Data provided -
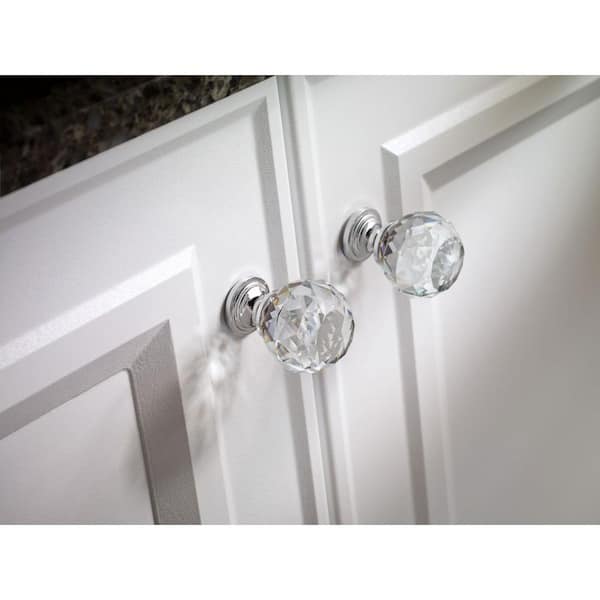 Faceted Crystal 1-3/16 in. (30 mm) Vintage Chrome and Clear Round Cabinet Knob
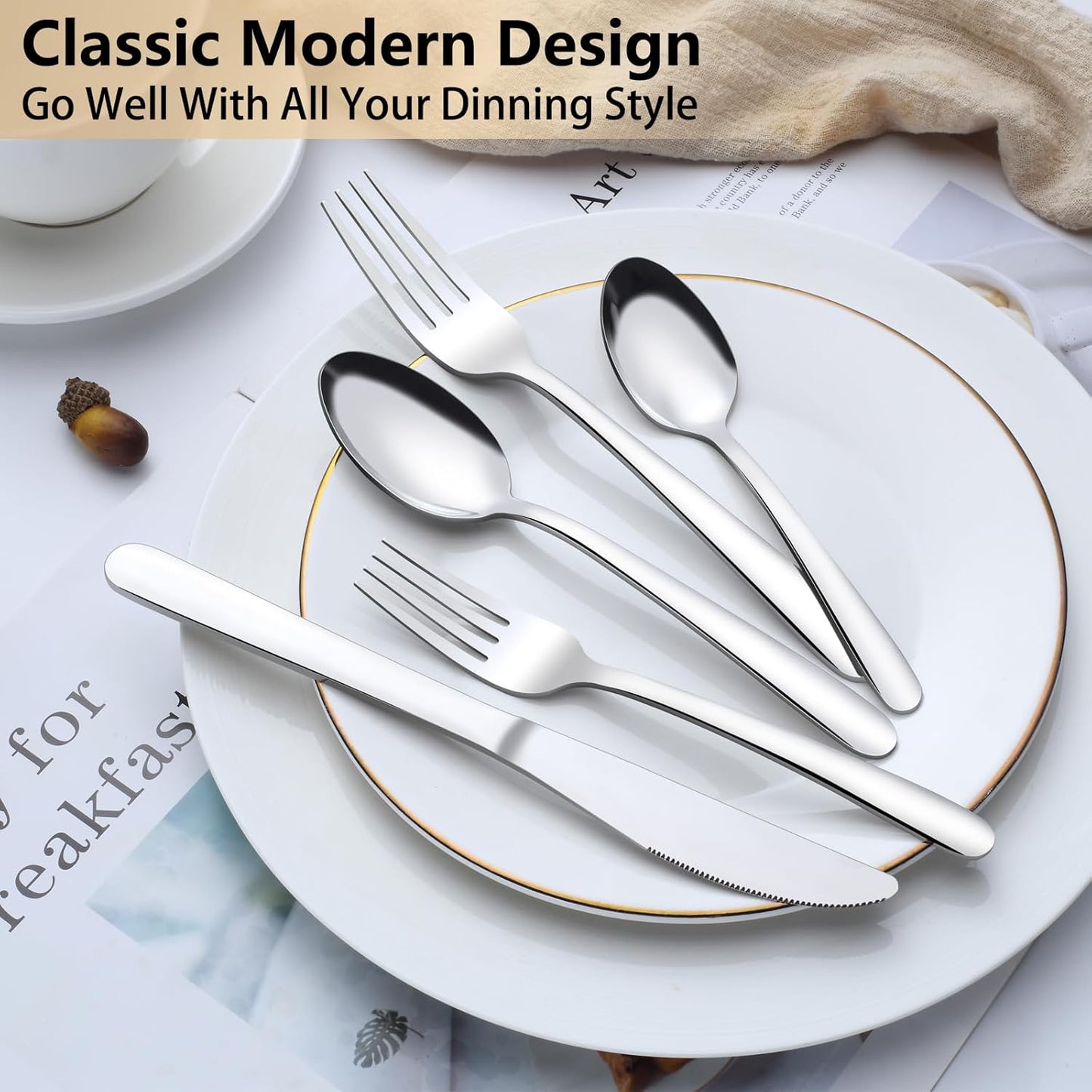 Pleafind 40-Pcs Silverware Set for 8, Premium Stainless Steel Flatware Set, Include Forks Spoons and Knives Set, Mirror Polished Cutlery Utensil Set for Home Restaurant, Dishwasher Safe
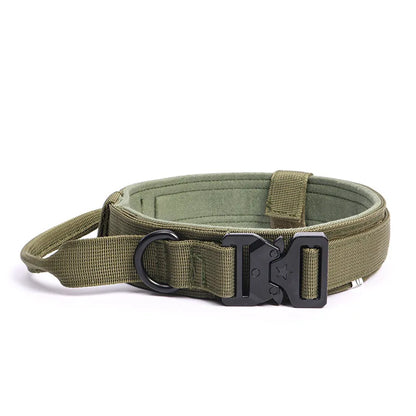 Tactical Dog Collar with Handle Heavy Duty Nylon Collar for Medium Large Dogs Adjustable Camo Pet Collar with Metal Buckle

To do - From the first line to the last, repeat the data above exactly and leave the pictures out.

Answer to the exercise -
 Faceted Crystal 1-3/16 in. (30 mm) Vintage Chrome and Clear Round Cabinet Knob
 Pleafind 40-Pcs Silverware Set for 8, Premium Stainless Steel Flatware Set, Include Forks Spoons and Knives Set, Mirror Polished Cutlery Utensil Set for Home Restaurant, Dishwasher Safe
 Tactical Dog Collar with Handle Heavy Duty Nylon Collar for Medium Large Dogs Adjustable Camo Pet Collar with Metal Buckle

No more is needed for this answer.